4.2.2 Configuração: os itens de sumário devem ser antecedidos pelo título
“Sumário”.
4.2.2.1 Para início e fim do sumário, adotam-se apenas os termos
“Introdução”, “Conclusão” e “Referências”.
4.2.3 Posicionamento: deve figurar abaixo do título. Exemplo:
SUMÁRIO: 1 Introdução - 2 (In)Justiça transicional e Democracia: paralelismo entre a Espanha e o Brasil - 3 Conclusão - 4 Referências.

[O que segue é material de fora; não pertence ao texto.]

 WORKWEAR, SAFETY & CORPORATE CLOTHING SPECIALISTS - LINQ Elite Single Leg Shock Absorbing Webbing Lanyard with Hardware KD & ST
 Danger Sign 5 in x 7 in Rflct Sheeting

CONTENTS: 1 Introduction - 2 Transitional (In)Justice and Democracy:
parallelism between Spain and Brazil - 3 Conclusion - 4 References.
CONTENIDO: 1 Introducción - 2 (In)Justicia Transicional y Democracia:
paralelismo entre España y Brasil - 3 Conclusión - 4 Referencias.
4.3 Resumo
4.3.1 Conteúdo: deve ser um texto conciso que ressalte o objetivo e o
assunto principal do artigo.
4.3.1.1 O resumo não deve ser composto de enumeração de tópicos.
4.3.1.2 Deve-se evitar uso de símbolos e contrações cujo uso não
seja corrente, bem como fórmulas, equações e diagramas, a menos que extremamente necessários.
4.3.2 Número de palavras: até 150 (cento e cinquenta).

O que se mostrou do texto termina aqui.